If you’re like me, you probably have a growing list of useful dev tools somewhere:

  • a bunch of bookmarked APIs
  • random GitHub repos
  • utilities you saw on Twitter or Dev.to
  • that one tool you swore you’d use again

But here’s the reality: most of these never get used twice.

The real problem isn’t discovery

We’re great at finding tools.
Every week there’s:

  • a faster way to test endpoints
  • a better UI builder
  • a smarter AI dev helper

The problem is retention.

After a while:

  • you forget what you saved
  • you duplicate the same searches
  • you rebuild the same mini-stack over and over

What actually works: a living tool stack

Recently, I’ve been trying to treat my tools more like part of a system instead of a collection.
Instead of saving everything, I:

  • keep only tools I’ve actually used
  • group them by workflow (debugging, UI, deployment, etc.)
  • revisit and refine regularly

Think of it like maintaining a personal dev stack, just outside your codebase.

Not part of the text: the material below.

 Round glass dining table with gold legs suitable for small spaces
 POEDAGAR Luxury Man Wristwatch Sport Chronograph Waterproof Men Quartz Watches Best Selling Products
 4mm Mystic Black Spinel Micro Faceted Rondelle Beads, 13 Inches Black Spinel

A simple way I’m doing this

I’ve been experimenting with the idea of a personal web app store, where tools are stored more intentionally rather than dumped into bookmarks.

One example is Unstore, which lets you organize and revisit tools in a way that feels closer to managing apps than links.
Not a game-changer by itself, but paired with the mindset shift, it helps.

The takeaway

You don’t need more tools.
You need a better way to keep the right ones around.